Longus capitis is the uppermost of the deep cervical flexors, originating from the C3-C6 transverse processes and attaching to the basilar occipital bone. It works synergistically with longus colli and the rectus capitis anterior to flex and stabilize the upper cervical spine. Its tonic activation is tested by the craniocervical flexion test (CCFT) using pressure biofeedback.

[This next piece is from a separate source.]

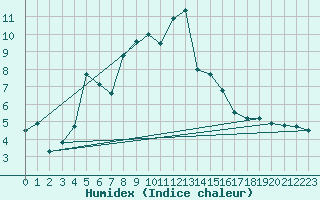 Courbe de l'humidex pour Wernigerode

| Origin | Anterior tubercles of transverse processes of C3-C6 |
|---|---|
| Insertion | Basilar part of occipital bone, anterior to foramen magnum |
| Nerve Supply | Ventral rami of C1-C3 |
| Blood Supply | Ascending pharyngeal artery; ascending cervical artery |
| Actions | Flexes the head on the neck (craniovertebral flexion); with longus colli, constitutes the deep cervical flexor group responsible for segmental cervical stability and the craniocervical flexion test activation pattern |
|---|
Longus capitis atrophy is documented by MRI in chronic neck pain, whiplash, and cervicogenic headache, correlating with disability and predicting poor outcomes. Anterior cervical discectomy requires retraction or partial division of the longus capitis to expose the C1-C2 anterior vertebral bodies in high cervical approaches. The nasopharyngeal carcinoma staging uses the longus capitis as the posterior boundary of the parapharyngeal space on axial MRI.
Anterior approaches to C1-C2 require identification and gentle medial retraction of the longus capitis from the anterior atlas and axis; overly aggressive retraction or thermal injury from monopolar cautery damages the muscle and may injure the adjacent hypopharynx or Eustachian tube opening in the nasopharynx above.